Supplied material:
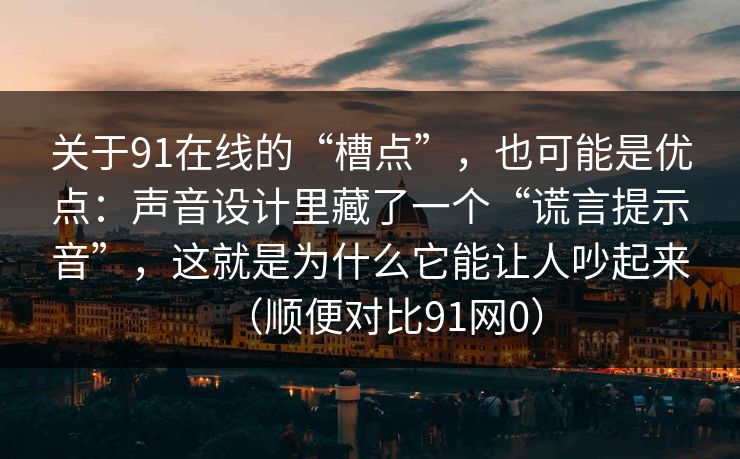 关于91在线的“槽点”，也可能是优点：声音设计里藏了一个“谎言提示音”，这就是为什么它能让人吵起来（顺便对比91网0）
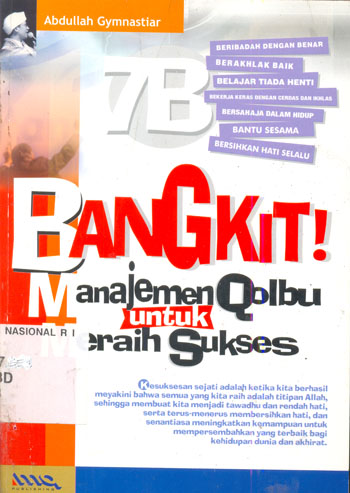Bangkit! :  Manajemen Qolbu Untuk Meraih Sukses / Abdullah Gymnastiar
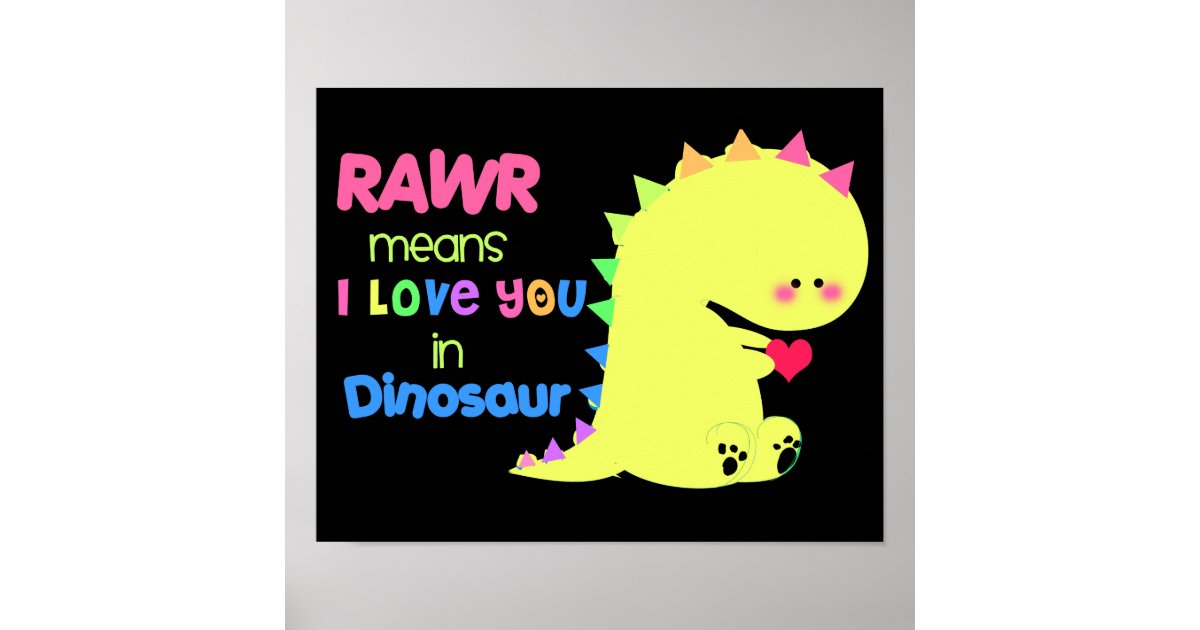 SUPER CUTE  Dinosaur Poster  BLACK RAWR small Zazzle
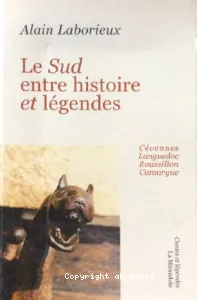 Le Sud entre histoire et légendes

Exercise: The copy must start at the line containing "RAWR small Zazzle" and end at the last line of the data, matching each line exactly. It must hold no pictures.

Result of the task:
 SUPER CUTE  Dinosaur Poster  BLACK RAWR small Zazzle
 Le Sud entre histoire et légendes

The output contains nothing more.